Note also, that in the first two dataframes corresponding to the unpadded cases, I take cusip
to be the first six characters of cusip_raw
. The reason I did this was because the relation of the seventh digit to the cusip6 is not consistent: sometimes seventh digit is a check digit (like those found in the issuer_check
field in cusipm.issuer
), sometimes it is shorthand for some digit with two zeros (ie. if the digit is '1', the 2-digit issuer number (7th and 8th digits of a 9-digit cusip) is '10', with the check digit being '0', so short for '100'). So I took the cusip6 to be the cusip
for the sake of simplicity and consistency. As the number of cases was relatively low, I also ignored approximate string matching.

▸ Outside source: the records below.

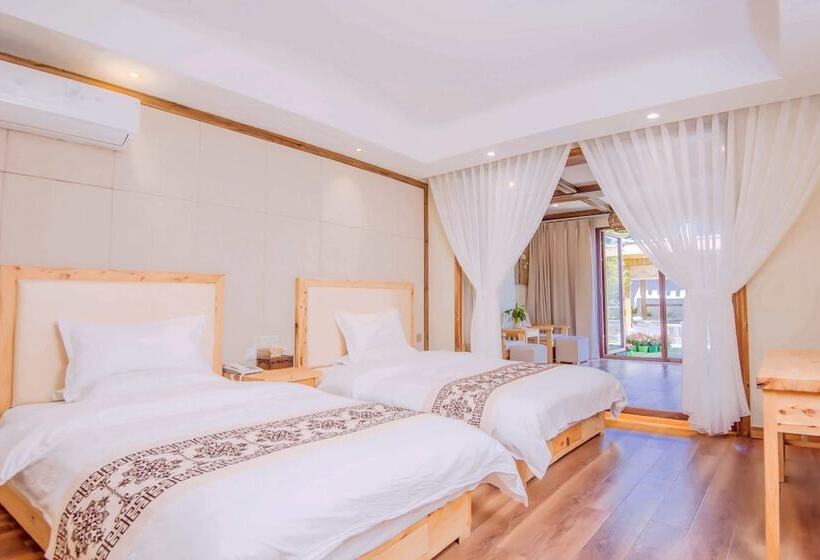 Loving Clouds Family Inn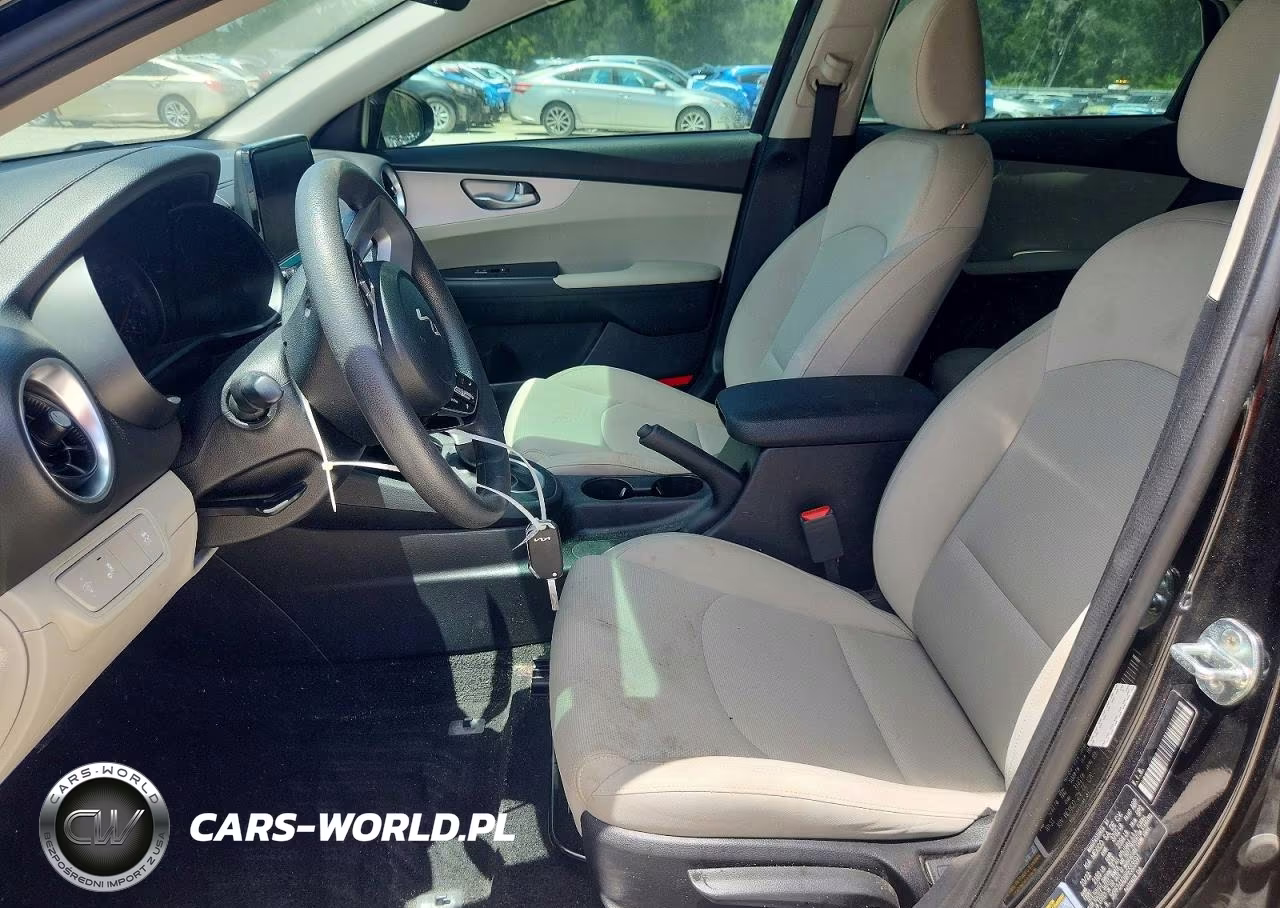 2023 Kia Forte Lxs VIN:3KPF24AD8PE553591 - 7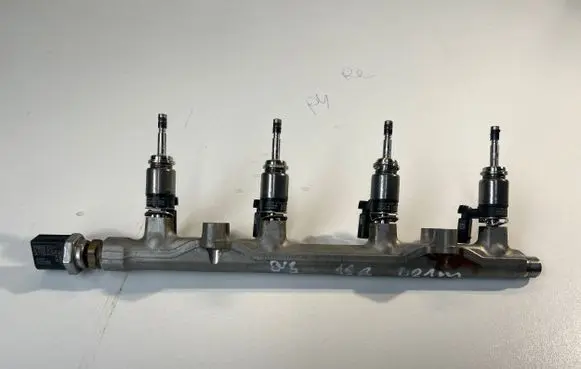 Audi Q3 F3 Fuel main line pipe 05E133320B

You can find the result for the unpadded cusips using
SELECT * FROM edgar.cusip_cik_exceptions
WHERE LENGTH(cusip_raw) = 7 AND LENGTH(cusip) = 6
the result for the 1-padded cusips using
SELECT * FROM edgar.cusip_cik_exceptions
WHERE LENGTH(cusip_raw) = 7 AND LENGTH(cusip) = 8
and the result for the 2-padded cusips using
SELECT * FROM edgar.cusip_cik_exceptions
WHERE LENGTH(cusip_raw) = 7 AND LENGTH(cusip) = 9
I believe we can close this issue now.
@iangow As discussed in #84, this issue is for analysing cusips with 7 characters.